Data records:
[Start of section]

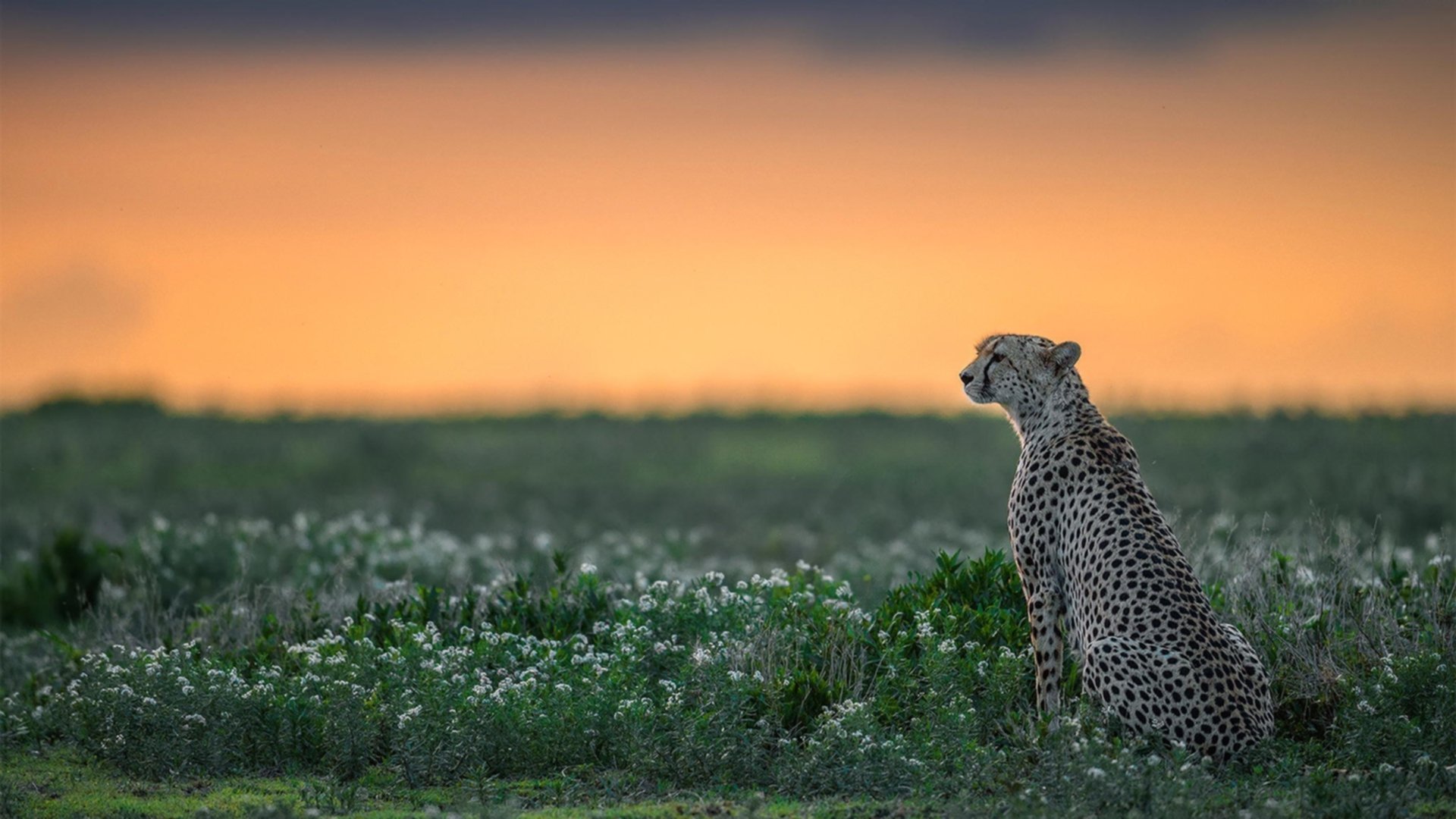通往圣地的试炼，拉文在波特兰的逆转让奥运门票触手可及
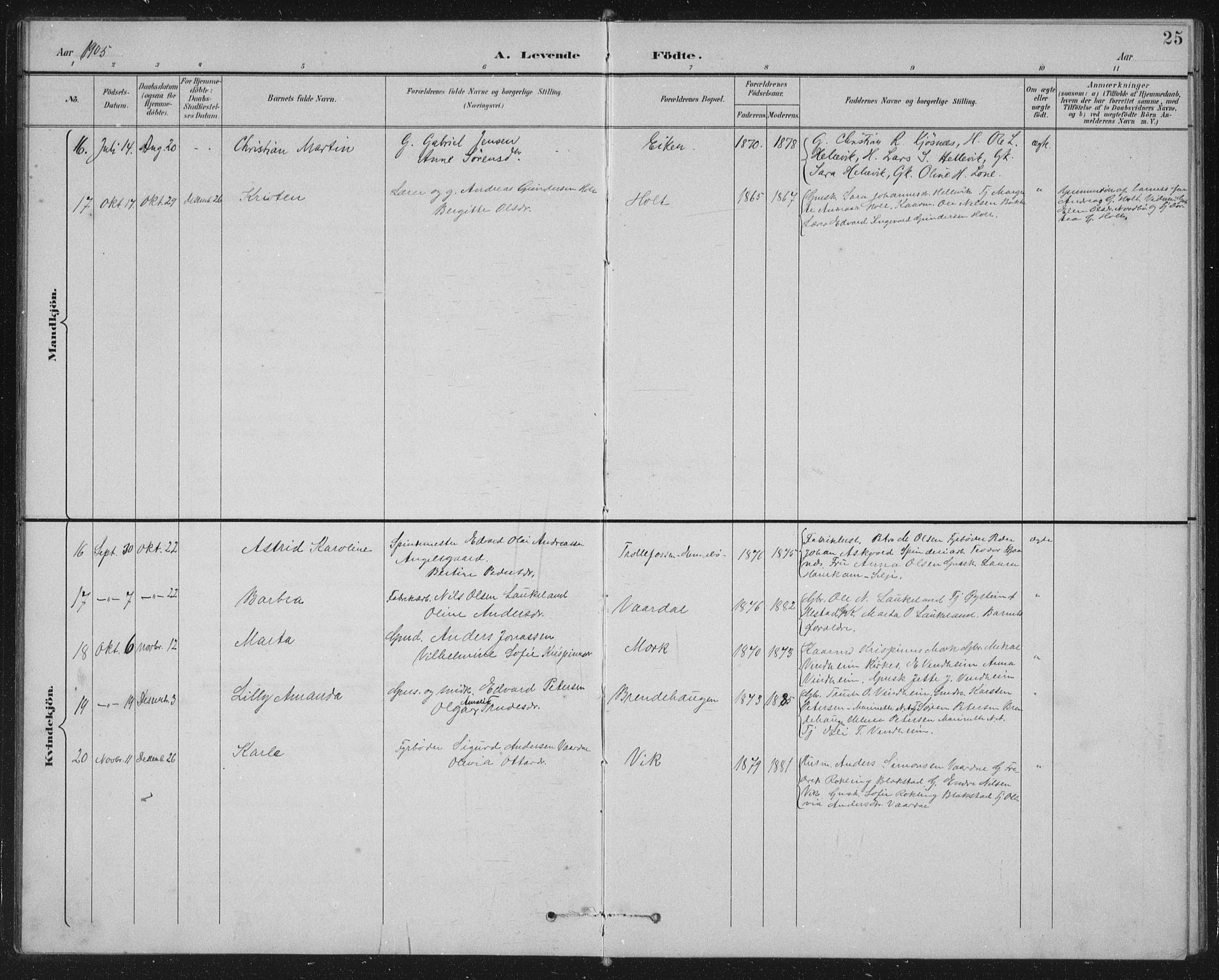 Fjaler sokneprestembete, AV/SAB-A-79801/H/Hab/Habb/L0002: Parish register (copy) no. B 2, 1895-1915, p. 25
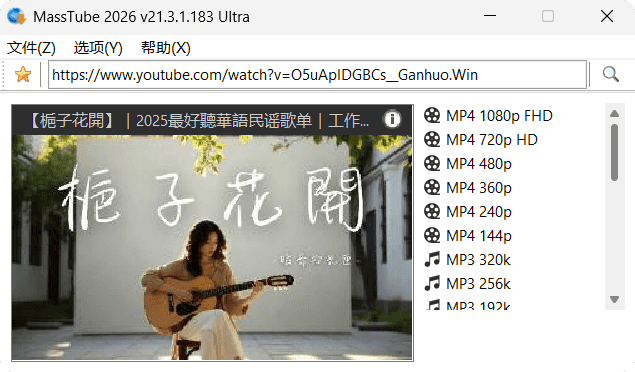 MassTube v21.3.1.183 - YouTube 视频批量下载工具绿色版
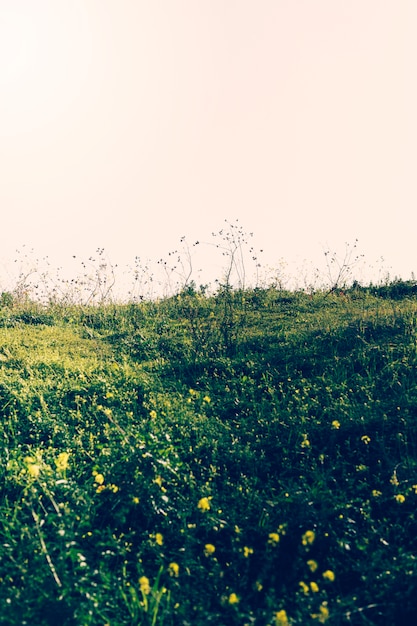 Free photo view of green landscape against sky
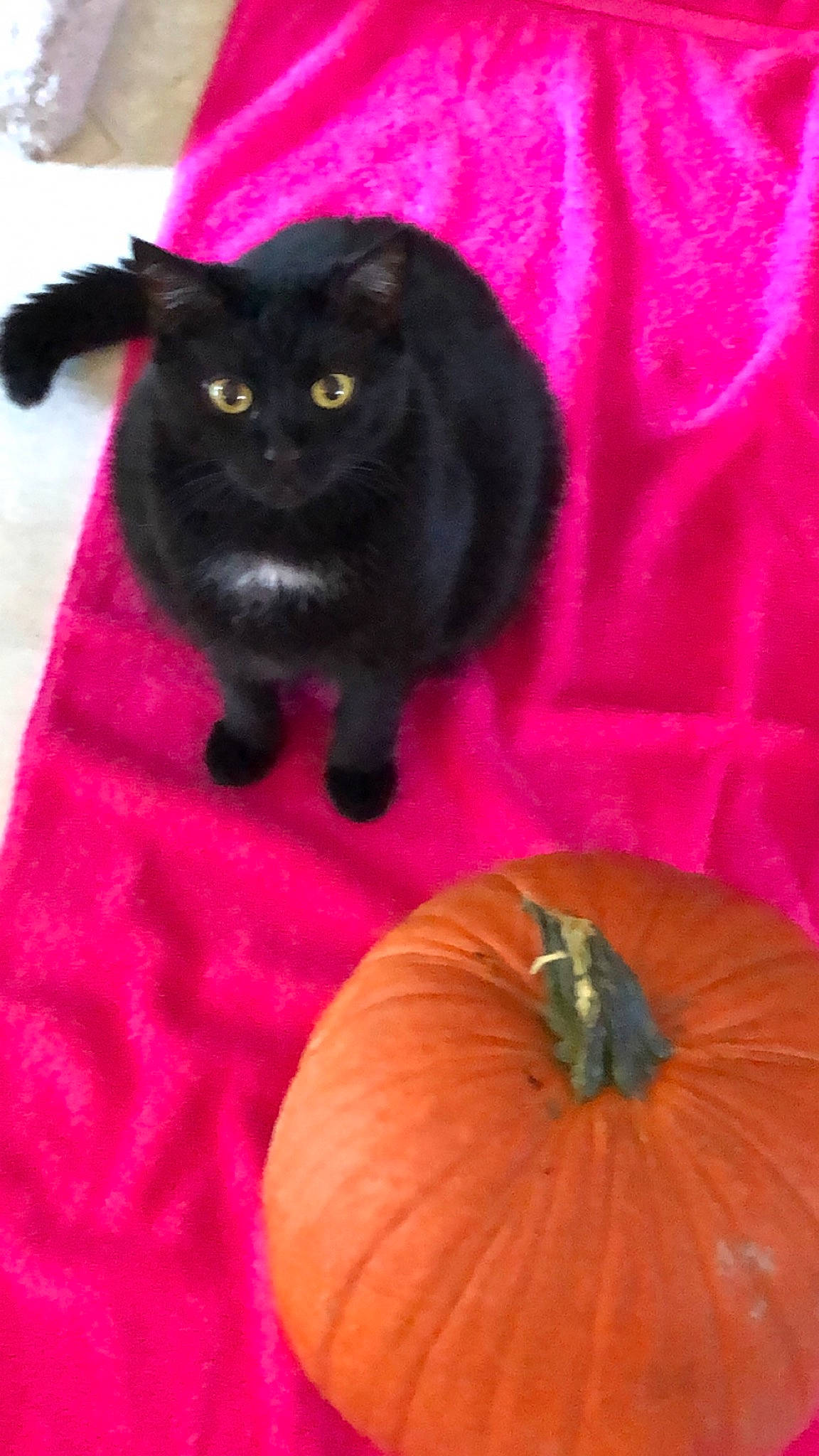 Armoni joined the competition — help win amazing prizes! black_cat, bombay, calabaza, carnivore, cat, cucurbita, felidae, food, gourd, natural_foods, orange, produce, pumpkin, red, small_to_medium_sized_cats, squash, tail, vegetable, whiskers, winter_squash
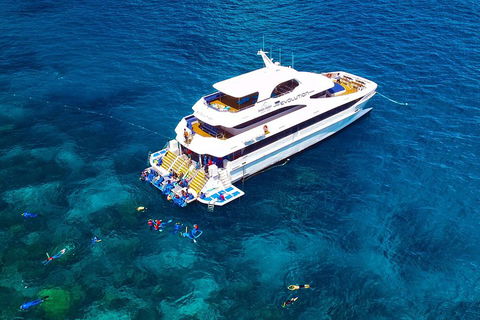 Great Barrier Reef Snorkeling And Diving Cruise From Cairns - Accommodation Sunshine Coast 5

[End of section]

Only the records, copied exactly and free of pictures, belong in the answer.

#### Result for this task
通往圣地的试炼，拉文在波特兰的逆转让奥运门票触手可及
 Fjaler sokneprestembete, AV/SAB-A-79801/H/Hab/Habb/L0002: Parish register (copy) no. B 2, 1895-1915, p. 25
 MassTube v21.3.1.183 - YouTube 视频批量下载工具绿色版
 Free photo view of green landscape against sky
 Armoni joined the competition — help win amazing prizes! black_cat, bombay, calabaza, carnivore, cat, cucurbita, felidae, food, gourd, natural_foods, orange, produce, pumpkin, red, small_to_medium_sized_cats, squash, tail, vegetable, whiskers, winter_squash
 Great Barrier Reef Snorkeling And Diving Cruise From Cairns - Accommodation Sunshine Coast 5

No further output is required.